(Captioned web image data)

---------------

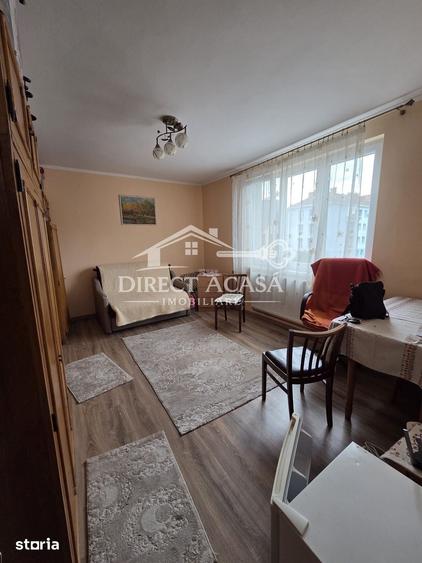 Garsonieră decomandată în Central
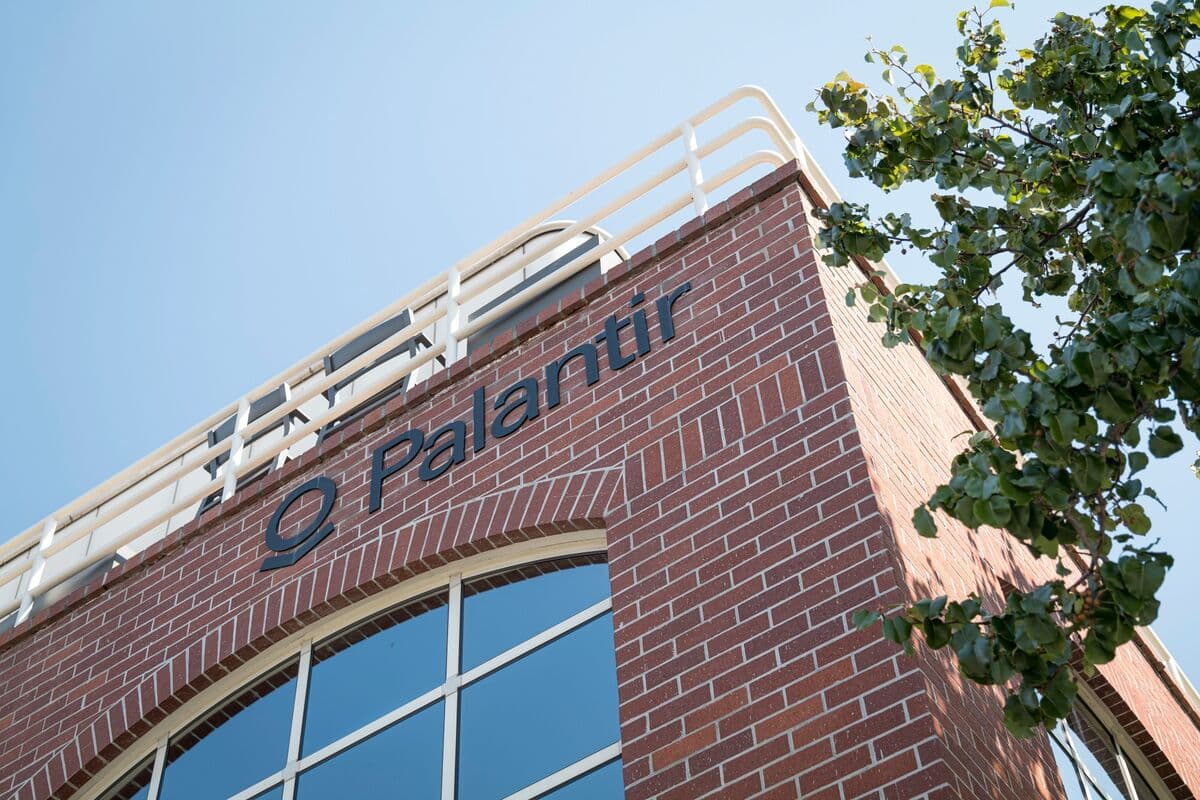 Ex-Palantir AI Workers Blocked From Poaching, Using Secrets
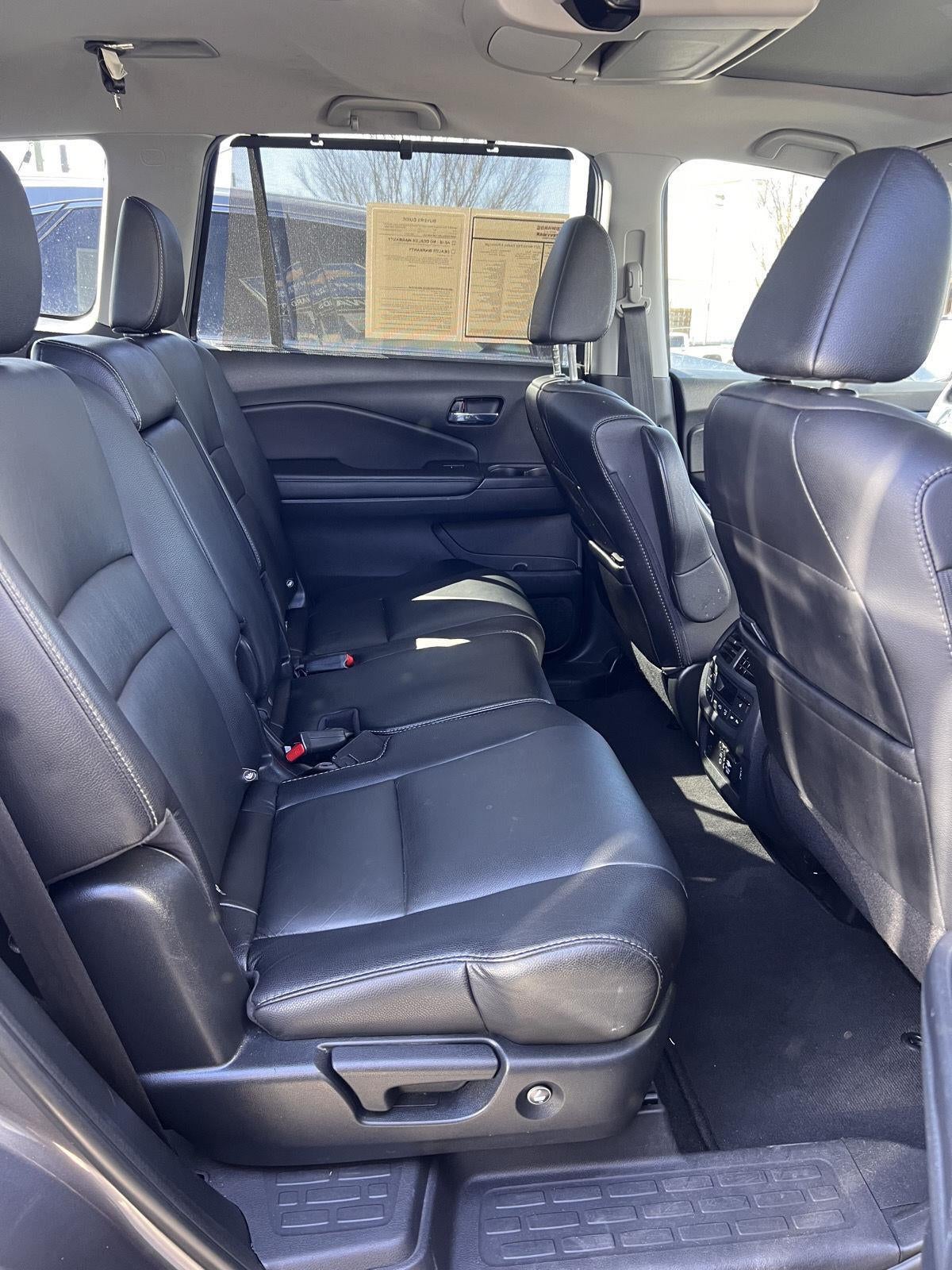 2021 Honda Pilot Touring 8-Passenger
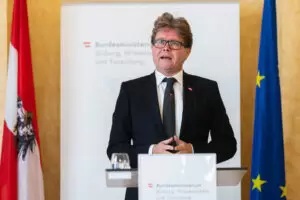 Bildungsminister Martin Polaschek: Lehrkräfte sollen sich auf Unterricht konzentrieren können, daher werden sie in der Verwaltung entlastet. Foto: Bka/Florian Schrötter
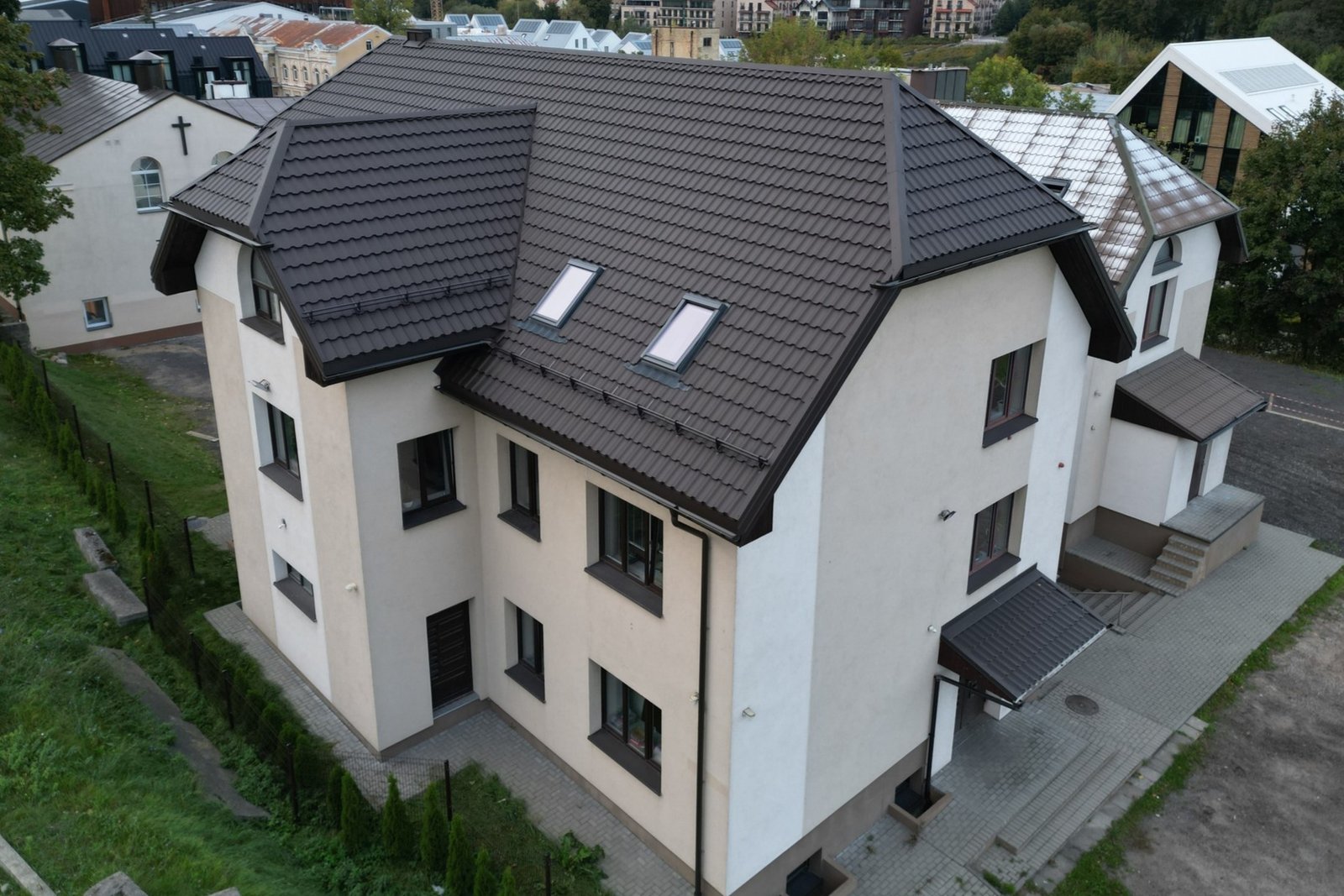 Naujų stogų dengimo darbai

---------------

» Task prompt:
Beginning with the first line of the records above, extract each line exactly through the line that holds "2021 Honda Pilot Touring 8-Passenger", both ends included. Omit pictures.

» Exercise answer:
 Garsonieră decomandată în Central
 Ex-Palantir AI Workers Blocked From Poaching, Using Secrets
 2021 Honda Pilot Touring 8-Passenger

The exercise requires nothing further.